Rental boats are available for rowing and paddleboating on the park's Meadow Lake. Meadow Lake is the site of rowing activities for non-profit Row New York, with teams practicing on the lake for much of the year. Meadow Lake also hosts the annual Hong Kong Dragon Boat Festival in New York, and teams from New York practice in Meadow Lake during the summer months. The American Small Craft Association (TASCA) also houses a fleet of over a dozen 14.5-foot (4.4 m) sloop-rigged sailboats, used for teaching, racing, and recreation by the club's members. Bicycling paths extend around Meadow Lake and connect to the Brooklyn–Queens Greenway. Paths around Willow Lake, the smaller and higher of the two lakes, are currently closed to the public. The many recreational playing fields and playgrounds in the park are used for activities that reflect the wide ethnic mix of Queens; soccer and cricket are especially popular.

Some World's Fair buildings continued to be in use after the 1964 Fair. The Flushing Meadows Carousel, opened as part of the 1964 Fair, operates in the northwestern part of the park. The New York Hall of Science, founded during the 1964 World's Fair, was one of the country's first science museums and still operates in its original location at the park's northern corner. The New York State Pavilion, constructed as the state's exhibit hall for the same World's Fair, is also a feature of the park. However, no new use for the building was found after the Fair, and the structure sits derelict and decaying, although it was repainted yellow in 2015. Next to the New York State Pavilion is the Queens Theatre in the Park. originally the 1964 Fair's "Theaterama" attraction, which moved into its current building in 1993. Terrace on the Park, a banquet and catering facility, was originally the 1964 World's Fair's official helipad. The Queens Museum, housed in the former headquarters of the United Nations General Assembly, was adapted as the 1964 Fair's New York City Pavilion building. After the fair, it was subdivided into the Queens Center for Art and an ice-skating rink, the latter of which was removed when the museum was expanded in 2013.

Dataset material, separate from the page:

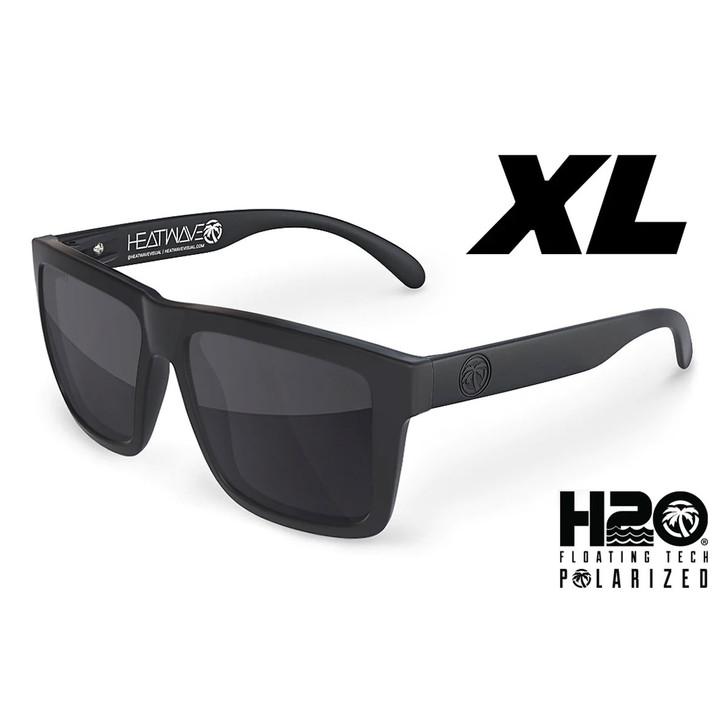 Heat Wave Unisex "H20 Xl Vise" Sunglasses - E_H2OXL_BLK_01P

New York City Subway and Long Island Rail Road (LIRR) service both serve this park's northern end. The IRT Flushing Line subway station at Mets–Willets Point serves the 7 and <7>​ trains, and the LIRR station of the same name serves the Port Washington Branch. These stations are located at the northern end of the park adjacent to the Corona Yard and bus depot, primarily serving Citi Field and the USTA. The 111th Street subway station is located just outside the park grounds, serving the Hall of Science. The Q48, Q58, Q64 and Q88 buses all travel through the park, but only the Q48 stops within the park perimeter, serving Citi Field and the USTA. The Q58 and Q88 stop outside either side of the park and cross the park via the Horace Harding Expressway, while the Q64 crosses the park along Jewel Avenue/69th Road.